▸ **WHAT YOU HAVE TO DO**
Find and copy the lines in the records beneath this task that contain the word "para".
· · · ·
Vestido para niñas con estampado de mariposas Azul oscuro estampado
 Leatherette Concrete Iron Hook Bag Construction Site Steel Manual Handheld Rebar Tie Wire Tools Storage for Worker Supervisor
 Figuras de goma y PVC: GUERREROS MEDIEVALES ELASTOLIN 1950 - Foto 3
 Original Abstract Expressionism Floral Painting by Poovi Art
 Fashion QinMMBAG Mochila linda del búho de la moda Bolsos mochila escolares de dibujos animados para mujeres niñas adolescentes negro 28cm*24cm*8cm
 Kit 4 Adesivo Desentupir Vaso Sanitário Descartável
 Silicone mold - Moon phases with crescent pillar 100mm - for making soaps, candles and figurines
· · · ·
▸ **OUTPUT**
Vestido para niñas con estampado de mariposas Azul oscuro estampado
 Fashion QinMMBAG Mochila linda del búho de la moda Bolsos mochila escolares de dibujos animados para mujeres niñas adolescentes negro 28cm*24cm*8cm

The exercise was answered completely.